§ Task
Among the entries below, which lines include the string "Nissan"? Show each one.

§ Entries shown
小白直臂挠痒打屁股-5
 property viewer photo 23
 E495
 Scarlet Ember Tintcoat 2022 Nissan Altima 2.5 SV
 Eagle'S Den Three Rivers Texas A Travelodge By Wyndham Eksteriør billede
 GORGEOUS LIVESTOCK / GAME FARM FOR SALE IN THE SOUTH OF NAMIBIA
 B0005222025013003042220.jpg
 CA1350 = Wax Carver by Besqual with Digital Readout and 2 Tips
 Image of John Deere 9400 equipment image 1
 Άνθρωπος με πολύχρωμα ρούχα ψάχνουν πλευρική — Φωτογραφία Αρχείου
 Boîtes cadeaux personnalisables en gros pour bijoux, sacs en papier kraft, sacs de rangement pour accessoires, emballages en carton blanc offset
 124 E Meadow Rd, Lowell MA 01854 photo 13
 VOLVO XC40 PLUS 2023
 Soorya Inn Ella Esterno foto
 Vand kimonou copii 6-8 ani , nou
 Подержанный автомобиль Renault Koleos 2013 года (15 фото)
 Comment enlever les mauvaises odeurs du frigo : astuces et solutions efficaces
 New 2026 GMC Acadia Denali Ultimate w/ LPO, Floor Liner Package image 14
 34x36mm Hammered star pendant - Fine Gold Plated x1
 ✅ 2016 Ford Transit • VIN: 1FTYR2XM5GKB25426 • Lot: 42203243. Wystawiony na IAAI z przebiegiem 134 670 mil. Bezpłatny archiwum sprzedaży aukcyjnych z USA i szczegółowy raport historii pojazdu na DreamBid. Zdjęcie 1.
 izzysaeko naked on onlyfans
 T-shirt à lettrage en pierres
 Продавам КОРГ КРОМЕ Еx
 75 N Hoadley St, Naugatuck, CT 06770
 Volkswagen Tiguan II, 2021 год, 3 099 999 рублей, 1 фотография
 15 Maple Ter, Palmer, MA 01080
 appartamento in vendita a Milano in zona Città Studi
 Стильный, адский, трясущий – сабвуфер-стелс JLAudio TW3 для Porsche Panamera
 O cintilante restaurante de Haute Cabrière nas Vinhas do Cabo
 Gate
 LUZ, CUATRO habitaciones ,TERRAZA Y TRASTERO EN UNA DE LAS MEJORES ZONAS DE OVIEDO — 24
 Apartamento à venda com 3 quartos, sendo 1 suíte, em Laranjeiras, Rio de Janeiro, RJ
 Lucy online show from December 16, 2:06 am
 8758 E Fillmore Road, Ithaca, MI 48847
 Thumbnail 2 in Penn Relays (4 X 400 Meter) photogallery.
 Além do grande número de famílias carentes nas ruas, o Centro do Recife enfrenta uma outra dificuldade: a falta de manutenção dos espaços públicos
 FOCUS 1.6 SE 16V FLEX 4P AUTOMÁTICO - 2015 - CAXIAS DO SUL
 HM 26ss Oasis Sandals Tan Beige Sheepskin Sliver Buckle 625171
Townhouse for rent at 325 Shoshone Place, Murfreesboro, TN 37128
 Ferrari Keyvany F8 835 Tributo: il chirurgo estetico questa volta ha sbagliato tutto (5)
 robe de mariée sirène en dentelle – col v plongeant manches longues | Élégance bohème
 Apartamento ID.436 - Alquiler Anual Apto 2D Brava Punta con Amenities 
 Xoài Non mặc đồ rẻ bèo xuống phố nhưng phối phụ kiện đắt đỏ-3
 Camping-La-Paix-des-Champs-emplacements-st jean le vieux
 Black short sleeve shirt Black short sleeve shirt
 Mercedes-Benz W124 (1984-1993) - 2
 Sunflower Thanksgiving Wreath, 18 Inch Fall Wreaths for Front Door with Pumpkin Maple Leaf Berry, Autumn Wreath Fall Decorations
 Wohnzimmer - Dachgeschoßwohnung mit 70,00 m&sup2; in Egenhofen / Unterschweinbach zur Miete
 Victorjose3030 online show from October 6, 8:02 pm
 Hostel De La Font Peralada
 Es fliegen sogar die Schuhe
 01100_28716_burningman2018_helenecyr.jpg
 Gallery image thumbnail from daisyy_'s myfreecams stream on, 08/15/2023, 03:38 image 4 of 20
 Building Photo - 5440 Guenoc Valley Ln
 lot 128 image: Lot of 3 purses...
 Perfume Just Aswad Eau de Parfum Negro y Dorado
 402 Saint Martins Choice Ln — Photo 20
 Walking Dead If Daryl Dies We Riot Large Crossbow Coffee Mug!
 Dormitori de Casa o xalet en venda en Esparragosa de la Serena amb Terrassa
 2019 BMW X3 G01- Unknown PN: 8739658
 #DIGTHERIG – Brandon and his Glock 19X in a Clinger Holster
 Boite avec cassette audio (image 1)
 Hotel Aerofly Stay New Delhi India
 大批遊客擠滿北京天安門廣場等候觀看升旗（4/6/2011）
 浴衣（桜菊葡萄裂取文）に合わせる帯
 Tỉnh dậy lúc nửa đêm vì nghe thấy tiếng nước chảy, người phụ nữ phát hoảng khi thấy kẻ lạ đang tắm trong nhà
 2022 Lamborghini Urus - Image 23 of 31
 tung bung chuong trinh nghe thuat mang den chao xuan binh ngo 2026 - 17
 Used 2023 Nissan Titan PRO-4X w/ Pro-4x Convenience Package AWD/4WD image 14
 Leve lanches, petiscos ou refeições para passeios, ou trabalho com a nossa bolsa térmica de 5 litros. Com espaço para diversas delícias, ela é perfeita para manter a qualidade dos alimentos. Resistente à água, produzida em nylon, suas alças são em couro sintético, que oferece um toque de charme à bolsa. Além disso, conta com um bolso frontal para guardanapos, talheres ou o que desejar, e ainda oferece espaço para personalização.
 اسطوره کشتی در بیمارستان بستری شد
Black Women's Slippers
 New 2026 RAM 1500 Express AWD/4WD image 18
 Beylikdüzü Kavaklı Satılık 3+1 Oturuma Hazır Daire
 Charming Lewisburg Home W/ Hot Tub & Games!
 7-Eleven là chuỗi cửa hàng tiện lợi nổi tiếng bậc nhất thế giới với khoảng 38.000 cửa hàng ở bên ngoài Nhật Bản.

§ Exercise response
 Scarlet Ember Tintcoat 2022 Nissan Altima 2.5 SV
 Used 2023 Nissan Titan PRO-4X w/ Pro-4x Convenience Package AWD/4WD image 14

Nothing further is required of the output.